The contest is finished. Results here.

• +53

 » 7 years ago, # |   +3 Auto comment: topic has been translated by Barsic (original revision, translated revision, compare)
 » 7 years ago, # |   +11 Can anyone explain his solution for the third problem "Kas"?Thank you.
•  » » 7 years ago, # ^ | ← Rev. 2 →   +26 This is harhrayr's solution.let dpN, diff — the maximum amount we can give to the first person, if we give him diff more than we give to the second person. Note that diff can be negative For every number, we can give it to the first person, the second person, or noone. So, dpN, diff = max(dpN - 1, diff, CN + dpN - 1, diff - CN, dpN - 1, diff + CN). The first option corresponds to giving the banknote to noone, the second option is giving it to the first person, and the third option is giving it to the second person. Then the answer is dpN, 0
 » 7 years ago, # | ← Rev. 2 →   +8 Can someone explain his/her solution to 4th problem? I wrote a greedy solution but it was worth only 60 points :(
•  » » 7 years ago, # ^ | ← Rev. 3 →   -7 For the 4th problem, I first scaled all the numbers up to integers then for each number I find all factors of that number that would be valid.Next, I do a bitmask dp with those factors. It seems as if this wouldn't run in time. However, because so many factors overlap and because only a limited number of factors could be valid, we do not hit that many states. In the case where we have a ton of valid factors, nearly all of those will just hit the same number and that greatly betters our runtime.-EDIT- Informal Proof: A large factor will only change 1 or 2 bits by satisfying only one or two numbers where a smaller factor will satisfy a ton of numbers because it must hit all those in the range [a, b].Furthermore, many factors are divisors of other factors. When we choose a factor, any factor that it divides will thus never be chosen later on because it will be useless. This greatly limits the number of states we hit and will allow us to have a reasonable runtime.Of course, the proof for the actual upperbound is probably quite complicated and in contest I simply submitted on the intuition alone because the solution is very short and only took a few minutes to write.
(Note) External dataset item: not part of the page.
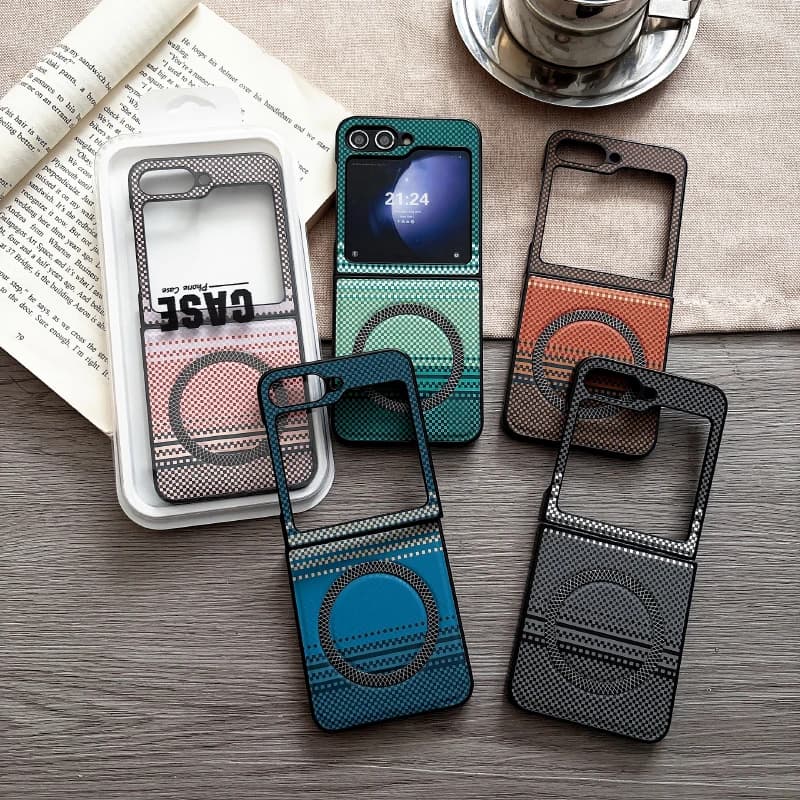 For Magsafe Magnetic Hard PC Adhesive Weaving Pattern Artificial Leather Phone Case For Samsung Galaxy Z Flip 8 7 6 5 4 3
•  » » » 7 years ago, # ^ |   +18 Where's the proof?
•  » » » » 7 years ago, # ^ | ← Rev. 2 →   -24 I have yet to come up with a formal proof and have only the intuition that the runtime will not cause a TLE.
•  » » » » » 7 years ago, # ^ |   +11 I still have trouble understanding your solution. Could you try to explain your intuition.
•  » » » » » » 7 years ago, # ^ |   +6 A large factor will only change 1 or 2 bits by satisfying only one or two numbers where a smaller factor will satisfy a ton of numbers because it must hit all those in the range [a, b].Furthermore, many factors are divisors of other factors. When we choose a factor, any factor that it divides will thus never be chosen later on because it will be useless.This greatly limits the number of states we hit and will allow us to have a reasonable runtime. Of course, the proof for the actual upperbound is probably quite complicated and in contest I simply submitted on the intuition alone because the solution is very short and only took a few minutes to write.
•  » » » » » » » 7 years ago, # ^ | ← Rev. 3 →   +11 Changing one or two bits doesn't matter, it still branches heavily
•  » » » » » » » 7 years ago, # ^ |   0
 » 7 years ago, # |   +3 In fifth one, how it is possible 6 length sequence on test 1?
•  » » 7 years ago, # ^ |   +3 The sequence is khzyubiqkujupffyozvoxutbndrjxlkuixaipycgngpdtnnbblytqomnaazryn (the 1st string) vkhzyubiqkujupffyozvoxutbndrjxlkuixaipycgngpdtnnbblytqomnaazryn (the 11th string) ckhzyubiqkujupffyozvoxutbndrjxlkuixaipycgngpdtnnbblytqomnaazryn (the 7th string) ockhzyubiqkujupffyozvoxutbndrjxlkuixaipycgngpdtnnbblytqomnaazryn (the 5th string) aockhzyubiqkujupffyozvoxutbndrjxlkuixaipycgngpdtnnbblytqomnaazryn (the 2nd string) haockhzyubiqkujupffyozvoxutbndrjxlkuixaipycgngpdtnnbblytqomnaazryn (the 15th string). The sequence don't need to be a subsequence.
 » 7 years ago, # |   +3 Anyone got error on problem E that is only abs( myresult — offical result) == 1 for last 4 test cases? I got 250,they have 251,I have 168 they have 169,also is there anyone who solved D to explain it?Judging by how fast they are on coci we can't expect solutions in under a month.